My church regularly gives financial help to individuals in need. Should the individual receiving financial help/charity from the church be issued any kind of Form 1099 from the church?
IRS Publication 525 states that gifts to individuals not in the employ of the donor are non-taxable. This is true regardless whether the gifts are periodic or regular as long as no services are required (past, present or future) to receive the benevolence. I recommend that viewers of this blog type "Benevolence" in the above search window for much more on this subject.
Donations have been made to our church, and the donors requested that certain individuals then be given the same amount in charity from the church due to a perceived need (specifically, for people who have lost their jobs, but the specific individuals were named by the donors).

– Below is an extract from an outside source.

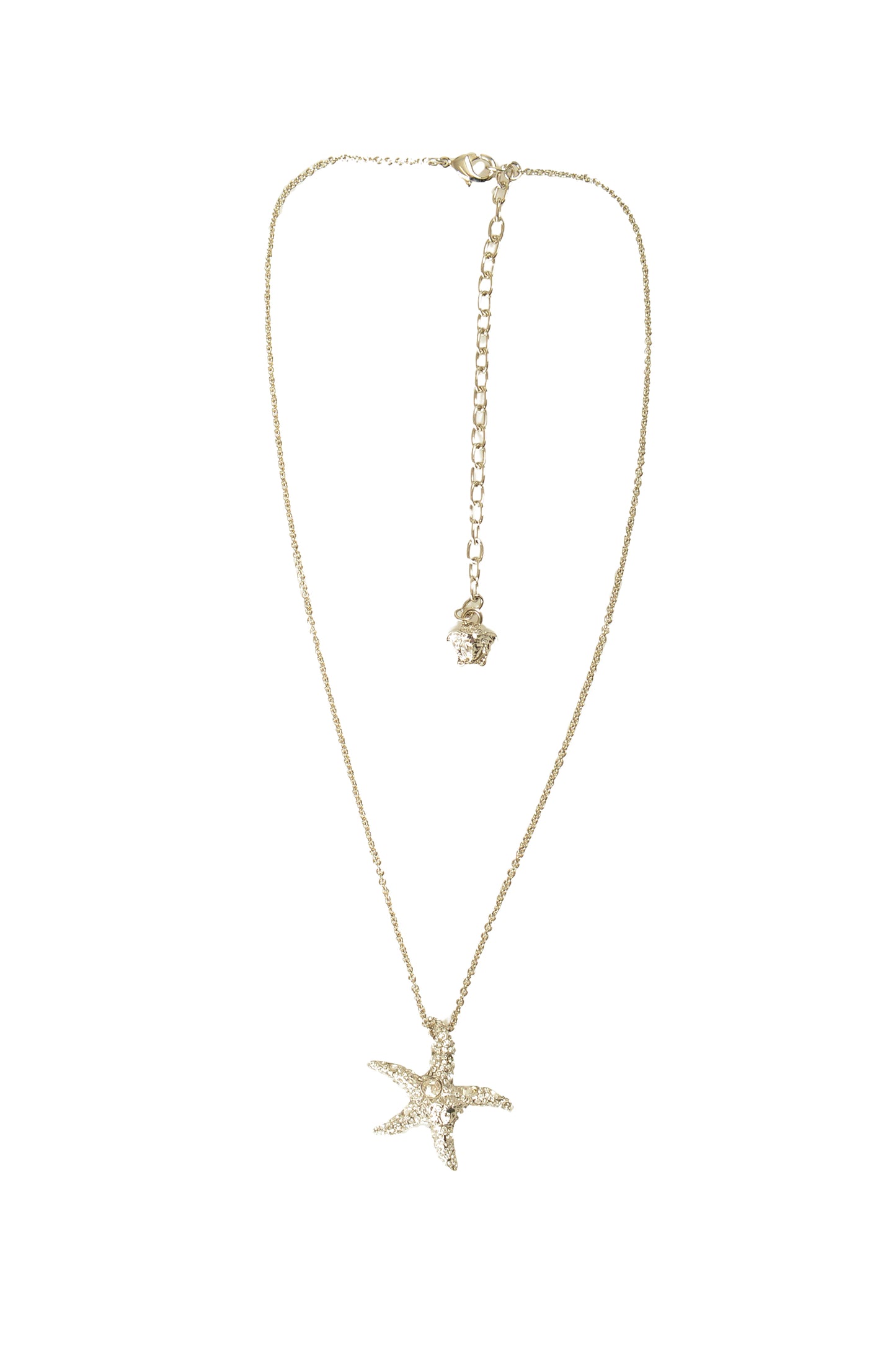 Versace Silver Color Metal & Strass Chain Necklace Pendant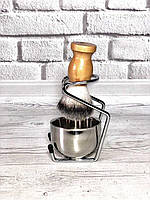 Набір для гоління NB-00 (миска+помазок+стійка), метал та дерево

The church told the donors that it would assume complete legal control over the donated funds, but the church has, in fact, been giving as much, or more, to the needy individuals as was donated by donors making such requests. Are these donations tax deductible as charitable donations for the donors?

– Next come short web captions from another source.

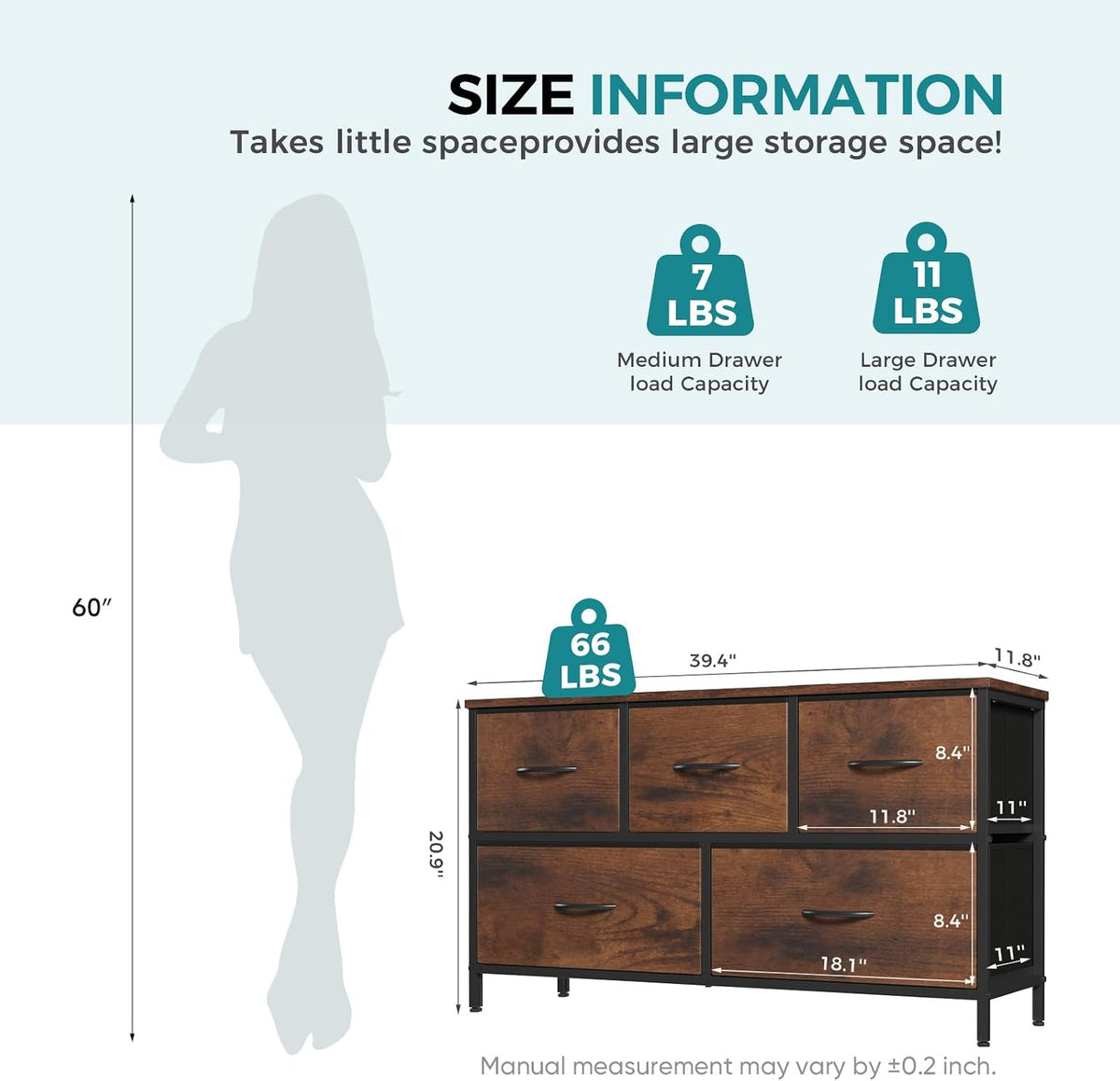 5 Drawer Dresser for Bedroom, Storage Organizer for Closet, Khaki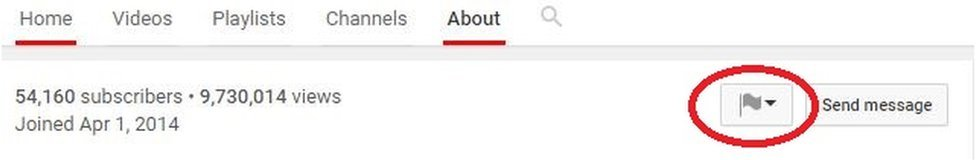 Highlighted: the flag icon on a YouTube account page which leads to a form where users can report violations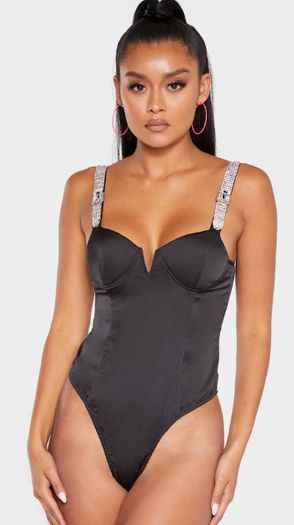 Black Diamante Strap V Bar Bodysuit size 12UK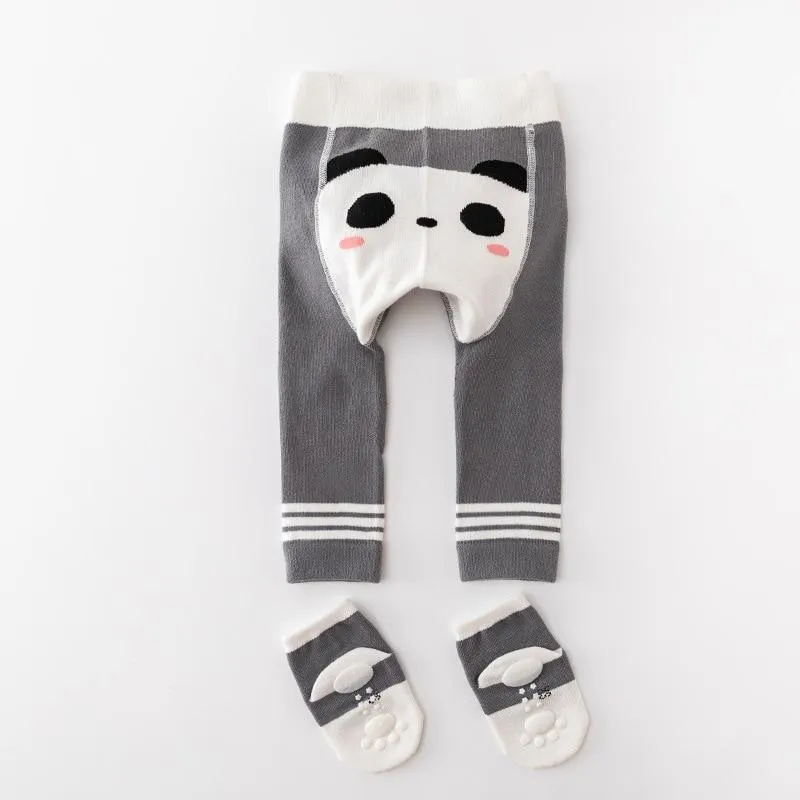 2Pcs/Set Baby Cute Animal Winter Warm Soft Combed Cotton Tights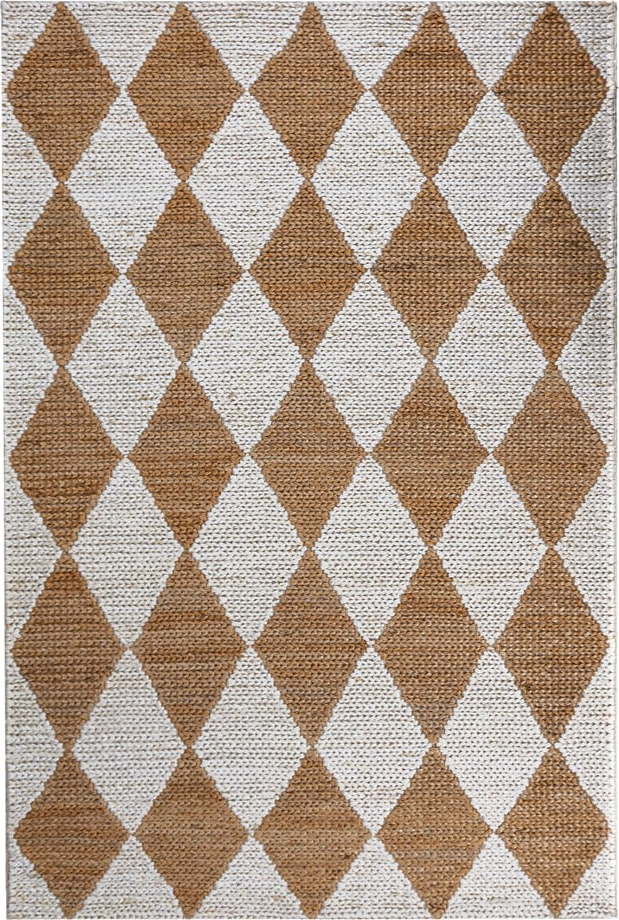 Bílý/v přírodní barvě ručně tkaný běhoun s příměsí juty 60x230 cm Effie Diamond – Flair Rugs Flair Rugs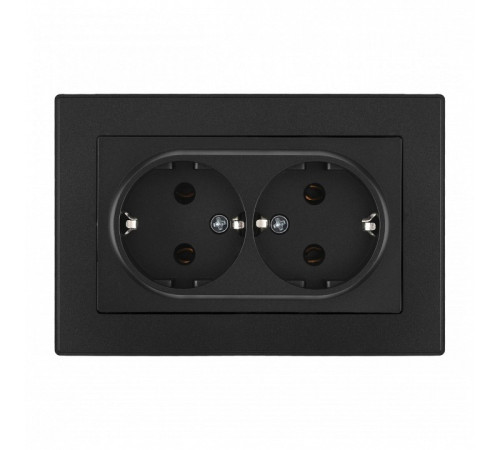 Розетка двойная с заземлением и со шторкой Arte Milano SET06-2 SET06-double-40-2 black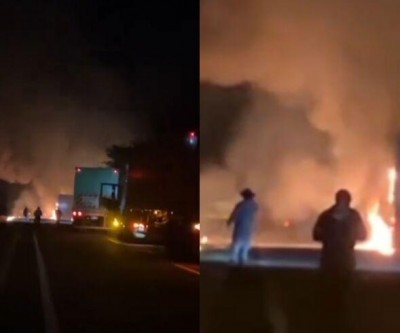Carreta de celulose pega fogo na MS-377, em Água Clara  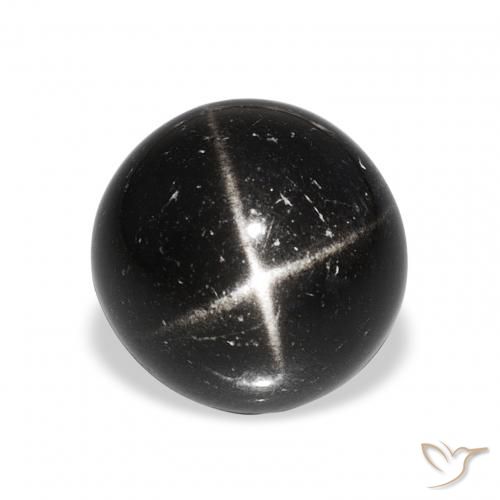 9.76ct 黑色 星透辉石, 圆形的, 不透明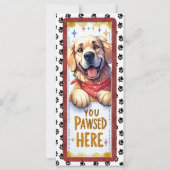 Cute French Golden Retriever Bookmarker (Back)
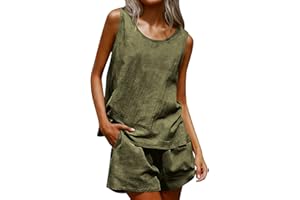 Women Two Piece Sets Cotton Linen Outfits Sleeveless Tank Top and Elastic Waist Shorts Lounge Set Summer Casual Tracksuit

Generally, these type of gifts are deductible by the donor and non-taxable to the recipient. Again, type "Benevolence" in the above search window for much more on this subject.
Tax-exempt organizations that file Form 990 (most churches are excluded from this requirement) are familiar with IRS rules regarding donor advised funds. The Instructions to Schedule D of Form 990 define these funds:
"Generally a donor advised fund is a fund or account:
1. That is separately identified by reference to contributions of a donor or donors;
2. That is owned and controlled by a sponsoring organization; and
3. For which the donor or donor advisor has or reasonably expects to have advisory privileges in the distribution or investment of amounts held in the donor advised funds or accounts because of the donor's status as a donor" (Form 990 Schedule D Instructions).
The presence of this status does not deny tax-deductibility of donations but does merit the attention of the IRS since obvious abuse could occur. For this reason, in my blog entries I have persistently cautioned churches to be aware of potential abuses and to steer clear of them.